Maintain a clean image collection
To keep your collection free of duplicates, scan new images to check if they already exist before you index them. Based on the response, you can take various actions, such as rejecting the new document, adding a link to the existing document IDs, forcing user input, or overwriting the existing document.

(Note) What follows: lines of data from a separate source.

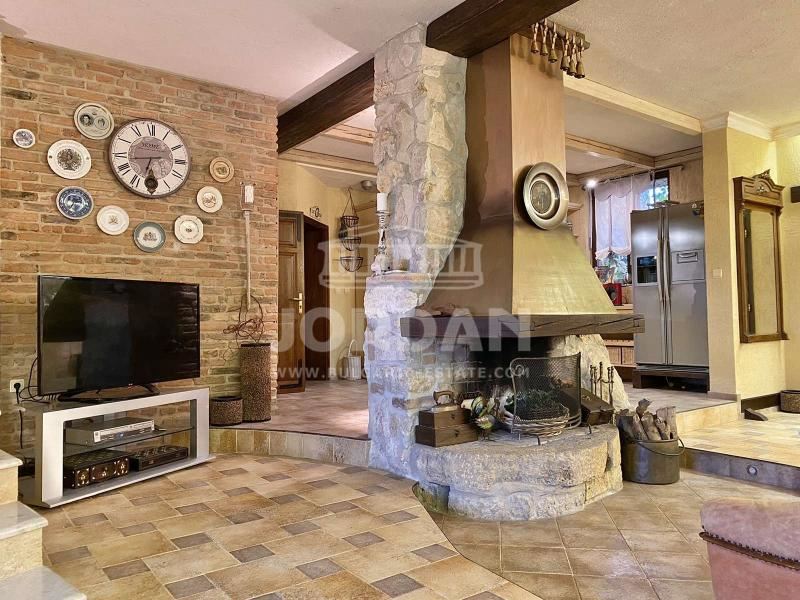 Луксозна къща в Ален Мак, гр. Варна, басейн, паркоместа, три спални - 0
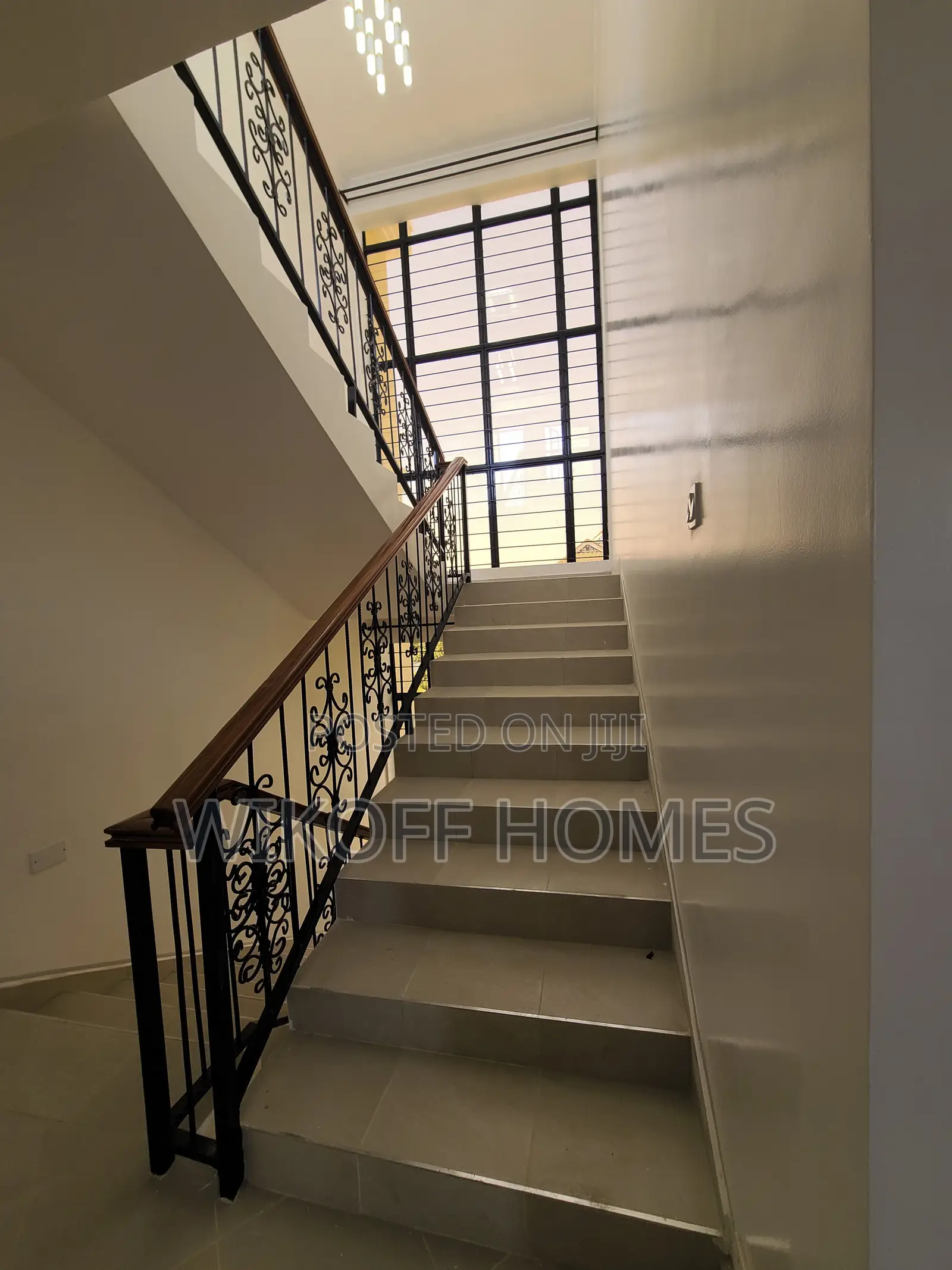 5bdrm Maisonette in Nairobi Central for sale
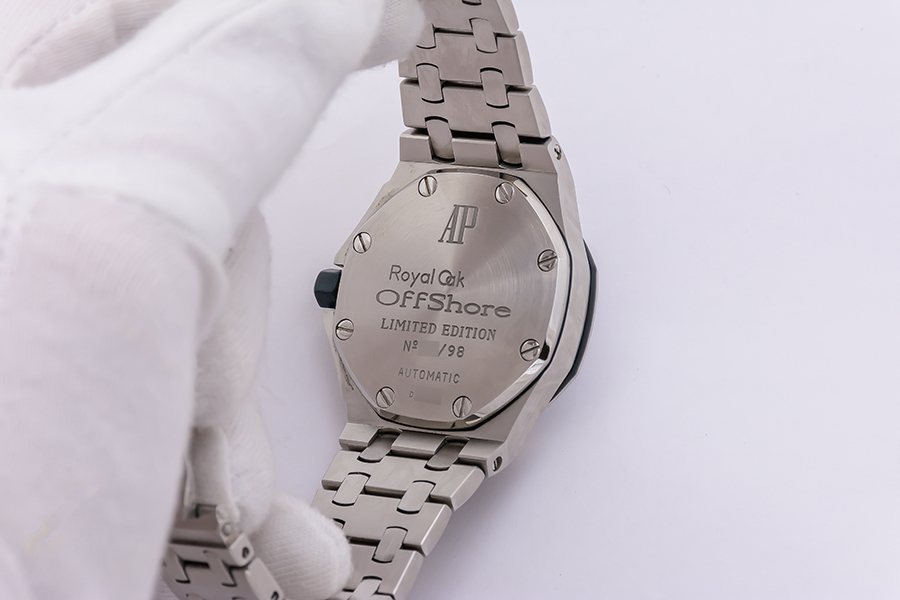 Ineichen Auctioneers - Royal Oak Offshore 'Nagano' Triple Calendar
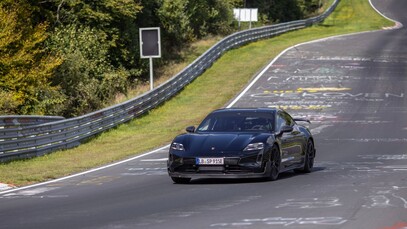 El prototipo Porsche Taycan destruye el tiempo en pista del Tesla Model S Plaid en Nürburgring (Fuente de la imagen: Porsche)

The graph below shows the process how to efficiently scan before indexing a new doc. The idea is that an image should be analyzed only once to avoid repeated analysis steps and to reuse the preprocessed json data throughout the workflow.
graph LR
A[Client]
B[Flow /analyze endpoint]
C[Flow /duplicate endpoint]
D[Flow /update endpoint]
A <==>|1. Analyze image| B
A <==>|2. Scan for duplicates | C
A ==>|3. Index Json| D
- Analyze image
- Use preprocessed json to scan for duplicates (
rank.by.preprocessed
) - use preprocessed json to index doc, if it does not exist
Use Cases
E-commerce
Finding near-duplicate images can help identify products that are being sold by multiple vendors, making it easier to manage inventory and ensure product authenticity.
Media and entertainment
Finding near-duplicate images can help identify copyright violations and protect intellectual property rights for content creators.
Stock photography
Automatically identify and reject image uploads of previously flagged and rejected images of content creators.
Real estate
Identify fraudulent image uploads (fake listings) on the marketplace by matching them with verified users' images, identify duplicate listings for the same home or property if imported from multiple sources.
Digital asset management
Prevent multiple uploads of different users or associate different version of an image. Dedupe existing image collection.